Ticket 2472 - Badconstraints if contstraints are modified
Summary: Badconstraints if contstraints are modified
Status: RESOLVED FIXED
Alias: None
Product: Slurm
Classification: Unclassified
Component: slurmctld (show other tickets)
Version: 15.08.8
Hardware: Linux Linux
: --- 3 - Medium Impact
Assignee: Danny Auble
QA Contact:
URL:
: 2478 (view as ticket list)
Depends on:
Blocks:
 
Reported: 2016-02-22 22:02 MST by CSC sysadmins
Modified: 2016-02-24 07:19 MST (History)
1 user (show)

See Also:
Site: CSC - IT Center for Science
Alineos Sites: ---
Atos/Eviden Sites: ---
Confidential Site: ---
Coreweave sites: ---
Cray Sites: ---
DS9 clusters: ---
HPCnow Sites: ---
HPE Sites: ---
IBM Sites: ---
NOAA SIte: ---
OCF Sites: ---
Recursion Pharma Sites: ---
SFW Sites: ---
SNIC sites: ---
Linux Distro: ---
Machine Name:
CLE Version:
Version Fixed: 15.08.9 16.05.0-pre2
Target Release: ---
DevPrio: ---
Emory-Cloud Sites: ---


Attachments

Note You need to log in before you can comment on or make changes to this ticket.
Description CSC sysadmins 2016-02-22 22:02:19 MST
We have two kind of nodes, snb = 16 cores and hsw = 24 cores. After Slurm update from 14.11 to 15.08.8 (92ac0dcdbb78df968962acc5d006e1f3aeb6eb37) altering constraints will result a badcontraints state. Slurm sets NumNodes so that job can run only nodes which has 24 cores.

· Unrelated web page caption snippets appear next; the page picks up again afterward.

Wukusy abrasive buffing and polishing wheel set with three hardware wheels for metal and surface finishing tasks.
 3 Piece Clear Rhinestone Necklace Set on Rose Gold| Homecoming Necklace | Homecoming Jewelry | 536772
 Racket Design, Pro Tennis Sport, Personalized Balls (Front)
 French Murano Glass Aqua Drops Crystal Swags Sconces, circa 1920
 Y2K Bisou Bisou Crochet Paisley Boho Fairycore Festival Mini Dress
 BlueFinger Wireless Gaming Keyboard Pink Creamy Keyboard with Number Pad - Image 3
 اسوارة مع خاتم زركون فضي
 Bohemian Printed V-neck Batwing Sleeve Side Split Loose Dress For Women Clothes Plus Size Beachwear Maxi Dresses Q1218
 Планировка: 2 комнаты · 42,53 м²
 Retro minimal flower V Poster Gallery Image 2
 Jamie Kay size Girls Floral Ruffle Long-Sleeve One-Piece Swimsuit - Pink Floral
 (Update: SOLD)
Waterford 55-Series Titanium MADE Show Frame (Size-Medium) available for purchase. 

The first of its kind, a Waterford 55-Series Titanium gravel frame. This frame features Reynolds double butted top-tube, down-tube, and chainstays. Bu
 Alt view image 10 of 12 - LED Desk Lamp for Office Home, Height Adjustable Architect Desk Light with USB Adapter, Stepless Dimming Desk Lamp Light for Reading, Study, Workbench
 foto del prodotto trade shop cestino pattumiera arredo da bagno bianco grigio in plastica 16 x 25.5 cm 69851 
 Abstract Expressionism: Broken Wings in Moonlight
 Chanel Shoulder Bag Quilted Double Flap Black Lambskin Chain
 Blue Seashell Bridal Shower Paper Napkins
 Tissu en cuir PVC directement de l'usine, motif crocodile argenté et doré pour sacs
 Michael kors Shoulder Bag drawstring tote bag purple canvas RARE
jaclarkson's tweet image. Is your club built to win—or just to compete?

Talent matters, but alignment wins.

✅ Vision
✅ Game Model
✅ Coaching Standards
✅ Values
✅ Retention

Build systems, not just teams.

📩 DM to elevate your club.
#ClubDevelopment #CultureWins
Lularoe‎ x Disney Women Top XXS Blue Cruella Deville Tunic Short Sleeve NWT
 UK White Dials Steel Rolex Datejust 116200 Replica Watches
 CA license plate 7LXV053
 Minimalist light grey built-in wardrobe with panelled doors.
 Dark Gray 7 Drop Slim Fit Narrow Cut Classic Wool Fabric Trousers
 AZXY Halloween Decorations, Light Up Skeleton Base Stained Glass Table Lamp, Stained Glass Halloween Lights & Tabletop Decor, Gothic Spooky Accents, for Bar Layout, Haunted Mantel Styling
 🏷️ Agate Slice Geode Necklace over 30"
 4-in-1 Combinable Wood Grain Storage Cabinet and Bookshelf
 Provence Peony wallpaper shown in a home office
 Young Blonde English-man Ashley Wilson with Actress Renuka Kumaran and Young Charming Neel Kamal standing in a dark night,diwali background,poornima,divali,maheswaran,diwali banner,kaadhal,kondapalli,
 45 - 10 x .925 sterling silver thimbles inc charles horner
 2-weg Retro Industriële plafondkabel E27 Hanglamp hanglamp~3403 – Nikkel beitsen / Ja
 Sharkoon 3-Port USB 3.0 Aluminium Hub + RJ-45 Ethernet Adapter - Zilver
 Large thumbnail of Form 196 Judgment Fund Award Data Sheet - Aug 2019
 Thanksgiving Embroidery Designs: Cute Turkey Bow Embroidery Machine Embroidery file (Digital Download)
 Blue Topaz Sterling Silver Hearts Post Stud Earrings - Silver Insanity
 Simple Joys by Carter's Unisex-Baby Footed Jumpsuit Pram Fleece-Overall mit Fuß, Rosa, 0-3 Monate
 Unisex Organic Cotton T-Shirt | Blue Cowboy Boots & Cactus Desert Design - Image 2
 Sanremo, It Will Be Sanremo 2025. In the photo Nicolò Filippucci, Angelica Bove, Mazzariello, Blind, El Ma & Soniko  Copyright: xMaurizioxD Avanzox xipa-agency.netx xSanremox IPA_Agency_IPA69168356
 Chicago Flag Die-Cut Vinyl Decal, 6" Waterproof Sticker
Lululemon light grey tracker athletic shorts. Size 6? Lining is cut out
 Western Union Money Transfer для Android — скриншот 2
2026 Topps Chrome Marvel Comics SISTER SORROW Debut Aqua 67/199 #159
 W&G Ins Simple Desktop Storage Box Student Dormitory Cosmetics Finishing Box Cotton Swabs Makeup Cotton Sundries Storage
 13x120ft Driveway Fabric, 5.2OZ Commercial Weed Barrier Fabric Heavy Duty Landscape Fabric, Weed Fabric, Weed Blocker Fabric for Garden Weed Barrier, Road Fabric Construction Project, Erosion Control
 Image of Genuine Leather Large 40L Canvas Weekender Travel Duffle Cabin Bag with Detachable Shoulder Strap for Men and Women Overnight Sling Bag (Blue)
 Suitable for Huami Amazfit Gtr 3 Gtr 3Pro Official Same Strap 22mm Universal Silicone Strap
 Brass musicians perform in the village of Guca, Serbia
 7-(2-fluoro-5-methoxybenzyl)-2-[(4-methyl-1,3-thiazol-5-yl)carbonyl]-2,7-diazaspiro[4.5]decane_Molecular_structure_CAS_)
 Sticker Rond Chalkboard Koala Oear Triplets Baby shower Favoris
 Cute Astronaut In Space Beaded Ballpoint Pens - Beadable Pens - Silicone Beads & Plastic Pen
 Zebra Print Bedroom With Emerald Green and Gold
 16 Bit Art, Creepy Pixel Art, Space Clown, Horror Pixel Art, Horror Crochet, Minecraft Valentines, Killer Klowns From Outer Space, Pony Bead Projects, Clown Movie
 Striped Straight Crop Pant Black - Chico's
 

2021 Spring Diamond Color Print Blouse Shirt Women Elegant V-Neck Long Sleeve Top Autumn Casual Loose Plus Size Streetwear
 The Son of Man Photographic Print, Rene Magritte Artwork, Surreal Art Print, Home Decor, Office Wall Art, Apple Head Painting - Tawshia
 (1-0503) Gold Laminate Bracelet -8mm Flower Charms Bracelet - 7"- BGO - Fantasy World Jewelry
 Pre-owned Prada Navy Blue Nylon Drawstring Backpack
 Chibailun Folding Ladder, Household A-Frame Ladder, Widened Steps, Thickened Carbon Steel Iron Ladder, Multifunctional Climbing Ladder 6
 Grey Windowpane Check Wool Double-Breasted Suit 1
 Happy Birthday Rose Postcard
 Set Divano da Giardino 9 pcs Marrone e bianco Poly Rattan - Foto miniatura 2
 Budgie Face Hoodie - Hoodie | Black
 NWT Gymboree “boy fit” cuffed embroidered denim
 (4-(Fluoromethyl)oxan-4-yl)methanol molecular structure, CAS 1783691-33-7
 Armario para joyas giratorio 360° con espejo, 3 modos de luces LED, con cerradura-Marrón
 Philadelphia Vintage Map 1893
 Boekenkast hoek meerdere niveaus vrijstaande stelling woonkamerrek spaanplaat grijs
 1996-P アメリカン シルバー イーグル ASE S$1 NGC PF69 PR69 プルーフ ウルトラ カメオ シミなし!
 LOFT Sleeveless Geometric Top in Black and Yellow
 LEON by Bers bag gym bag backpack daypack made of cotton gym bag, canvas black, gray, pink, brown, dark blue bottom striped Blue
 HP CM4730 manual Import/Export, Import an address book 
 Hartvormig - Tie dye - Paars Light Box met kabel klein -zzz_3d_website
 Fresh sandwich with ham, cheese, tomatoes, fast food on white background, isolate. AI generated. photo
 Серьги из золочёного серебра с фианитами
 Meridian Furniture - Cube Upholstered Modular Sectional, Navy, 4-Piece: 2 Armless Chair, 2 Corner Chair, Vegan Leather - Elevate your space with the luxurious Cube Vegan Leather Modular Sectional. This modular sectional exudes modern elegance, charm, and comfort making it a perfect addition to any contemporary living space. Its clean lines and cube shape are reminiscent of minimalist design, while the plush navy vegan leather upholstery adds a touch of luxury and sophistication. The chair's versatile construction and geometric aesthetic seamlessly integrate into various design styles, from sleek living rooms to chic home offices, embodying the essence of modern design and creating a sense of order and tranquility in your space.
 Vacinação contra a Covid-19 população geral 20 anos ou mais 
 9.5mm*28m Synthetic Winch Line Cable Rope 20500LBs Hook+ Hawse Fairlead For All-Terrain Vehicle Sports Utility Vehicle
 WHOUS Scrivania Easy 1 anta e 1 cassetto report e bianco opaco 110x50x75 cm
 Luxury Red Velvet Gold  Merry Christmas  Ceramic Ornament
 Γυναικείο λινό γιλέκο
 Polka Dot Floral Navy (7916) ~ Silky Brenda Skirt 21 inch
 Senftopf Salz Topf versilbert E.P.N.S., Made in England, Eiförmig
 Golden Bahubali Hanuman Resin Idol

srun -C "hsw|snb" --mem-per-cpu=12000 -n 320 -p parallel --pty $SHELL

NumNodes=21 NumCPUs=320 CPUs/Task=1 ReqB:S:C:T=0:0:*:*                                                              TRES=cpu=320,mem=3840000,node=1                                                 Socks/Node=* NtasksPerN:B:S:C=0:0:*:* CoreSpec=*   


scontrol update JobId=8500942 Features=snb
scontrol show job 8500942

JobId=8500942 JobName=bash                                                                       JobState=PENDING Reason=BadConstraints Dependency=(null)                                                                          
   Requeue=1 Restarts=0 BatchFlag=0 Reboot=0 ExitCode=0:0
   DerivedExitCode=0:0
   RunTime=00:00:00 TimeLimit=00:05:00 TimeMin=N/A
   SubmitTime=2016-02-23T14:34:44 EligibleTime=2016-02-23T14:34:44
   StartTime=2016-02-23T14:35:15 EndTime=2016-02-23T14:35:15
   PreemptTime=None SuspendTime=None SecsPreSuspend=0
   Partition=parallel AllocNode:Sid=taito-login3:59995
   ReqNodeList=(null) ExcNodeList=(null)
   NodeList=(null) SchedNodeList=c[609-615,620-624,627-635,637-638]
   NumNodes=21 NumCPUs=320 CPUs/Task=1 ReqB:S:C:T=0:0:*:*
   TRES=cpu=320,mem=3840000,node=1
   Socks/Node=* NtasksPerN:B:S:C=0:0:*:* CoreSpec=*
   MinCPUsNode=320 MinMemoryCPU=12000M MinTmpDiskNode=0
   Features=snb Gres=(null) Reservation=(null)
   Shared=OK Contiguous=0 Licenses=(null) Network=(null)
   Command=/bin/bash
   WorkDir=/homeappl/home/ttervo
   Power= SICP=0
Comment 1 Tim Wickberg 2016-02-24 05:19:01 MST
*** Ticket 2478 has been marked as a duplicate of this ticket. ***
Comment 2 Tim Wickberg 2016-02-24 05:32:20 MST
We're working on this, it's a regression in Slurm 15.08.6 and later that has shown up on a few different bugs this week.

Any update for a job without a -N (nodes) count set incorrectly results in  MinCPUsNode=(total-number-of-cpus). In your example below it was set to 320, and I assume you don't have any nodes with that many CPUs available.
Comment 3 Danny Auble 2016-02-24 07:19:17 MST
They Tommi, this is fixed in commits bd9fa8300b1 and de28c13a159d.  Please reopen if they don't fix the problem for you.